Imperial Russian Law Exhibited at Yale Law Library
- by Michael Stillman
On display at the Yale Law Library.
The latest exhibition from the Yale University Law Library's Rare Book Collection is on display from now through May 25, 2012. This exhibit takes a look at Monuments of Imperial Russian Law. This brings us back to the days before the Bolshevik Revolution of 1917. Russia had built up an extensive code of law under the czars, but once the Communists came to power, they tried to bury all mention of the nation's past. There was to be no memory of those terrible days before the land became a workers' paradise.

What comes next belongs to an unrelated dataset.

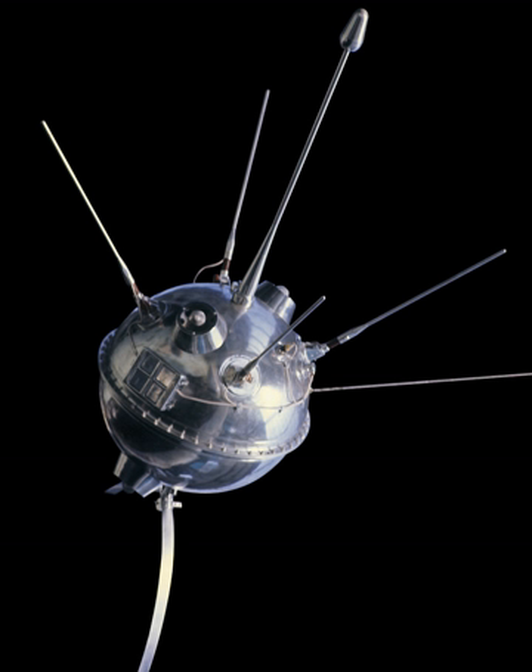Luna 1 was launched at 16:41 Greenwich Mean Time on 2 January 1959 from Site 1-5 at the Baikonur Cosmodrome by a Luna 8K72 rocket. Luna 1 became the first man-made object to reach the escape velocity of the Earth, along with its carrier rocket's 1,472 kg upper stage, which it separated from after achieving heliocentric orbit. Due to a programming error, the duration of the upper stage's burn was incorrect, and consequently Luna 1 failed to impact the moon. The spacecraft passed within 5,995 km of the moon's surface on 4 January after 34 hours of flight. It remains in orbit around the Sun, between the orbits of Earth and Mars.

With the fall of the Communists, Russia is again looking to its earlier past to help guide it through the post-Soviet era. According to William E. Butler, Distinguished Professor of Law and International Affairs at the Dickinson School of Law, Pennsylvania State University, “The post-Soviet era of Russian history has made the legacy of the pre-1917 era newly relevant in ways unimaginable. It is not merely a country recovering historical experience suppressed or distorted for ideological reasons during the Soviet regime, but a country seeking to modernize partly on the basis of its earlier legal legacy.” Butler is co-curator of the exhibition, along with Yale Law Rare Book Librarian Michael Widener. William Butler is the pre-eminent U.S. authority on the law of the former Soviet Union and is the author, co-author, editor, or translator of more than 120 books on Soviet, Russian, Ukrainian, and post-Soviet legal systems.
Among the items on display is a copy of the Sobornoe ulozhenie, printed in 1649. It was the first printed collection of Russian laws, and it continued to be used into the 19th century. There are also three versions of the Nakaz (Instructions). This statement of law was promulgated by Catherine II in 1767. It was patterned on the enlightenment thoughts coming out of France at the time. She actually wrote it in French. It provided for such things as equality of men before the law, and disapproved of the death penalty and torture (no wonder the Soviets didn't want to to remember their past). If not applied in all its humanitarian splendor, it was still a remarkable document for its time, and helped earn Catherine the sobriquet of “Catherine the Great” (without it she simply would have been “Catherine the Ordinary”).
The exhibit includes material from the Yale University libraries, the Harvard Law Library, and a private collection. It is open to the public daily from 9:00 am – 10:00 pm at the Lillian Goldman Law Library at the Yale Law School in New Haven.